Subject: direct I/O
To: None <tech-kern@netbsd.org>
From: Chuck Silvers <chuq@chuq.com>
List: tech-kern
Date: 02/28/2005 00:10:36
hi folks,

since my profiling experiments with the 10M Rows mysql benchmark showed that
avoiding read-before-overwrite didn't help much at all, this morning I decided
to go for the real solution and look into unbuffered (aka direct) I/O.
implementing this turned out to be much easier than I expected, it only
took a few hours to get it working.  the diff is at:

	ftp://ftp.netbsd.org/pub/NetBSD/misc/chs/diff.directio

(I need to add a check to prevent it from invalidating wired pages,
but that's the only thing that I've thought of that's missing.)
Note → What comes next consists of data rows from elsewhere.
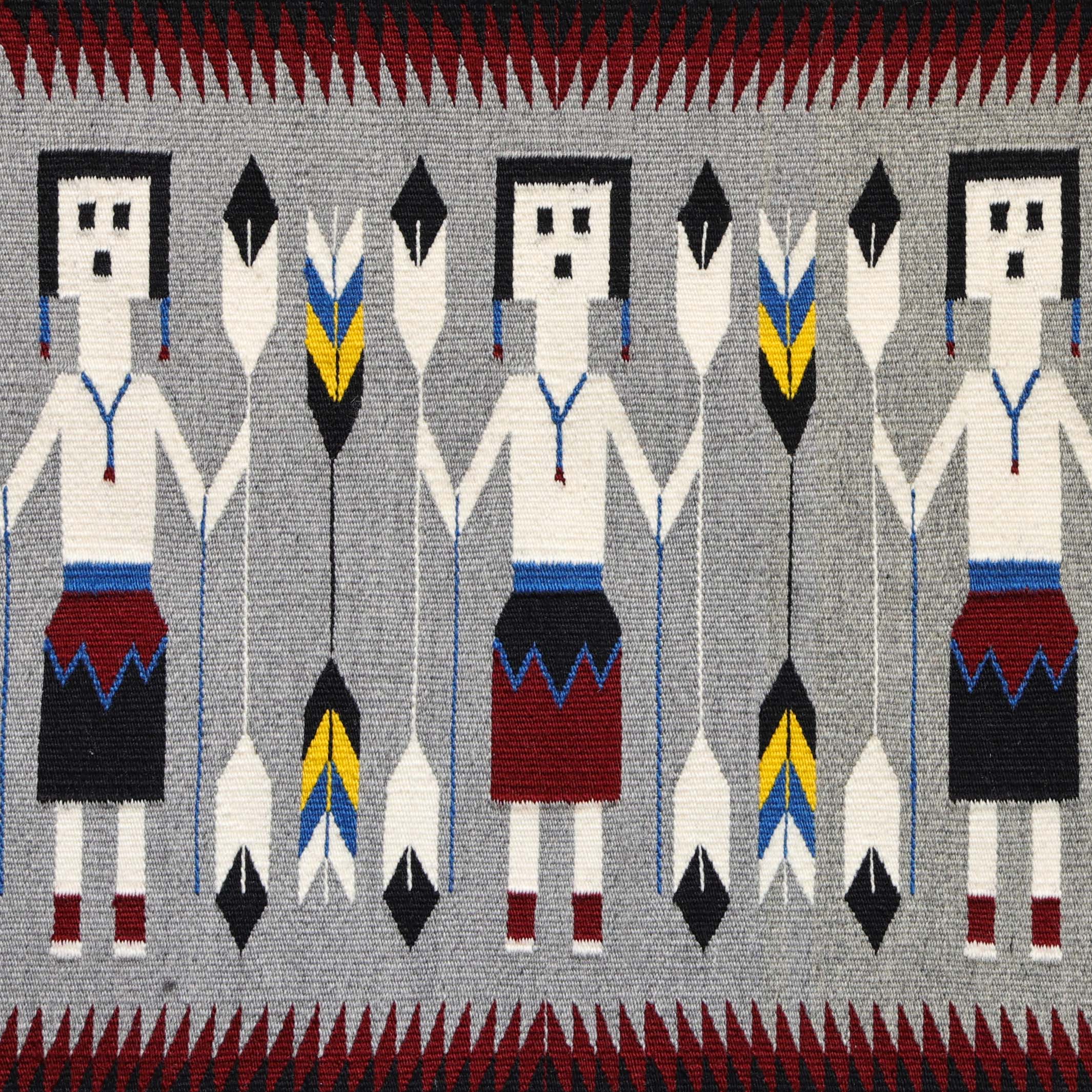 Yei - Image 3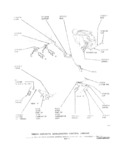 Previous Page - 1953-75 Corvette Parts Catalog September 1974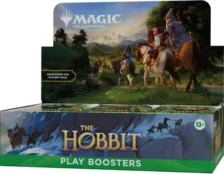 Ofertas do dia: Best Buy coloca Magic: The Gathering em promoção, Nioh 3 atinge menor preço e GameSir G8+ com desconto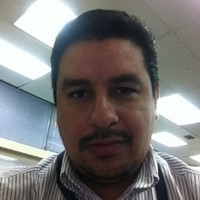 Fabián Basoalto Vergara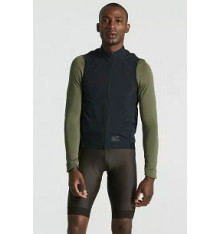 SPECIALIZED men's Prime Wind vest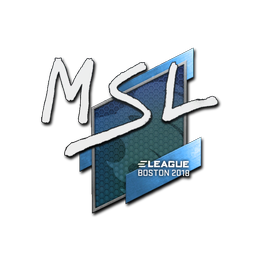 MSL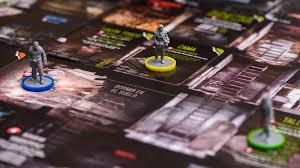 Check spelling or type a new query. This War Of Mine Resena Doctor Meeple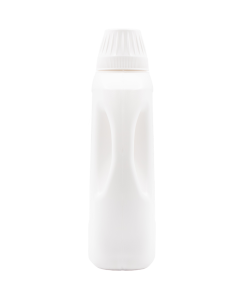 Kath-N-Belle-Baby-Eco-Laundry-Promo-1-Litre-07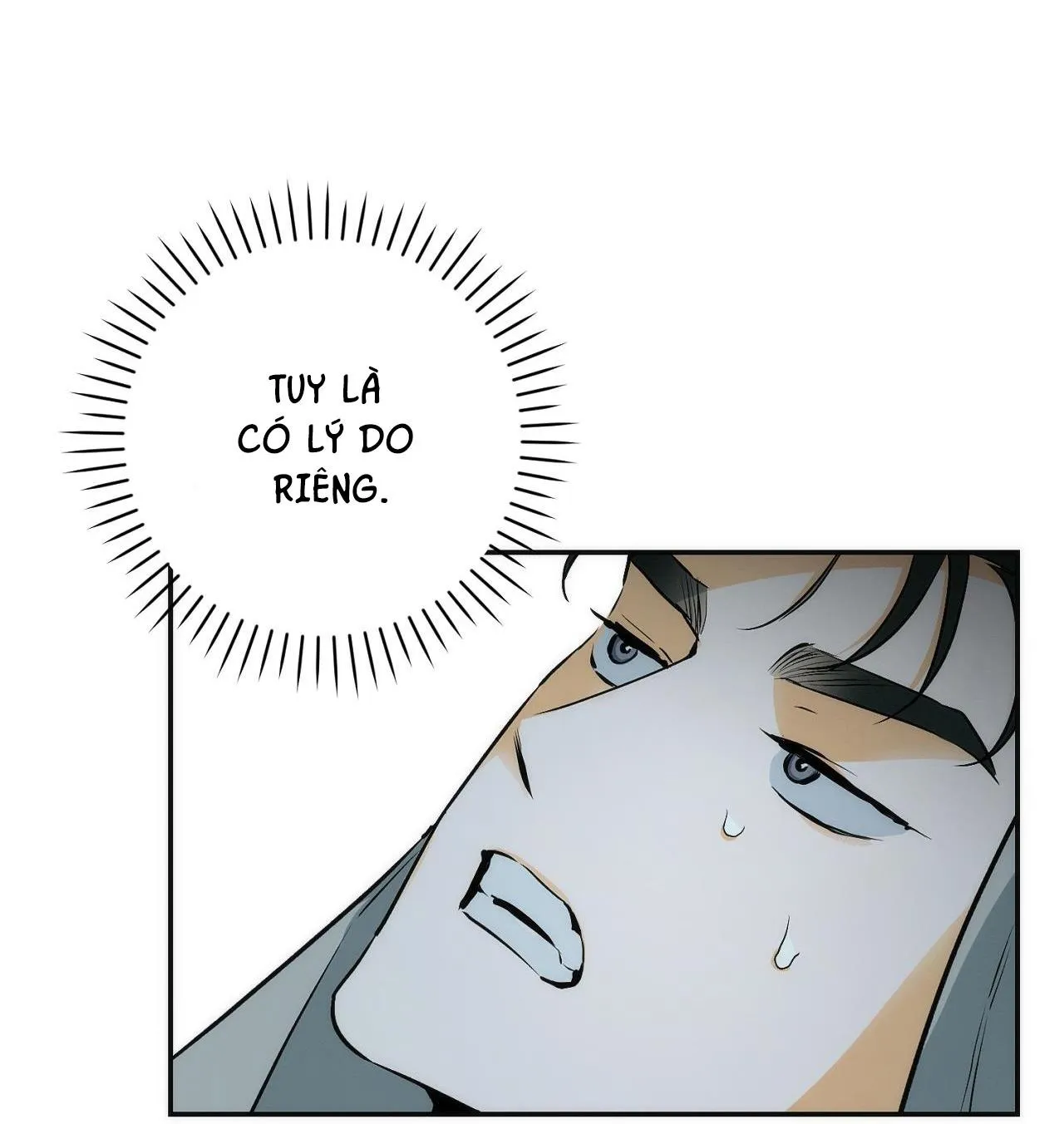 OFF TRACK Chapter 3 Trang 52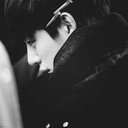ㅅ (@011234_1234) Twitter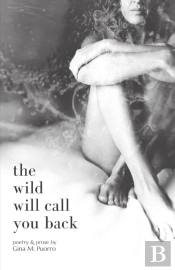 The Wild Will Call You Back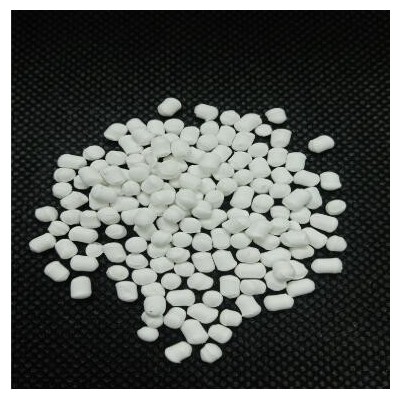 工廠直供PVC原料顆粒 鞋底、水晶鞋、拉邦鞋用料 顏色物性定制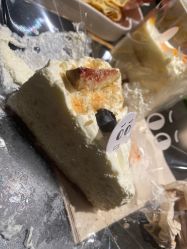 -飛凡TATTOO纹身•原创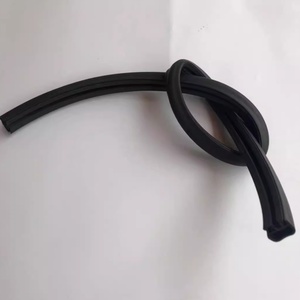 Bande d'étanchéité à bon prix 161-3698 1613698 pour excavatrice 312D 320D - Product Image 1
this is safer than the loaning-for-read()/write() stuff, since applications
must explicitly ask for the new behaviour and the interface to do this is
fairly standard already.  the interface is just a new open/fcntl flag,
O_DIRECT, which is a hint that I/O done via this file descriptor be performed
without buffering in the kernel as much as possible.  there are a number of
reasons why it may not be possible to do an I/O without kernel buffering
(eg. because the request is not appropriately aligned on disk or in memory),
and those cases the hint is ignored.

of course, with direct I/O being intrinsically synchronous, that immediately
leads to the question of how to allow concurrent reads and writes to a file.
our current locking scheme (enforced above the VOP layer) doesn't have any
concept of this.  I'm thinking about adding a range-locking implementation
and having vn_{read,write}() use that for O_DIRECT requests where
FOF_UPDATE_OFFSET is not set (ie. pread() and pwrite()).  this would involve
some new VOPs (VOP_LOCK_RANGE(), VOP_UNLOCK_RANGE()) and those would need to
interact appropriately with the existing non-ranged vnode locks.  file systems
that do not implement these VOPs would just return an error and the calling
layer would fall back on the current locking automatically.  there would
be no syscall interface change for this.  I'm thinking it probably won't be
much harder to do the range-locks than it was to do the direct I/O stuff.

comments?

-Chuck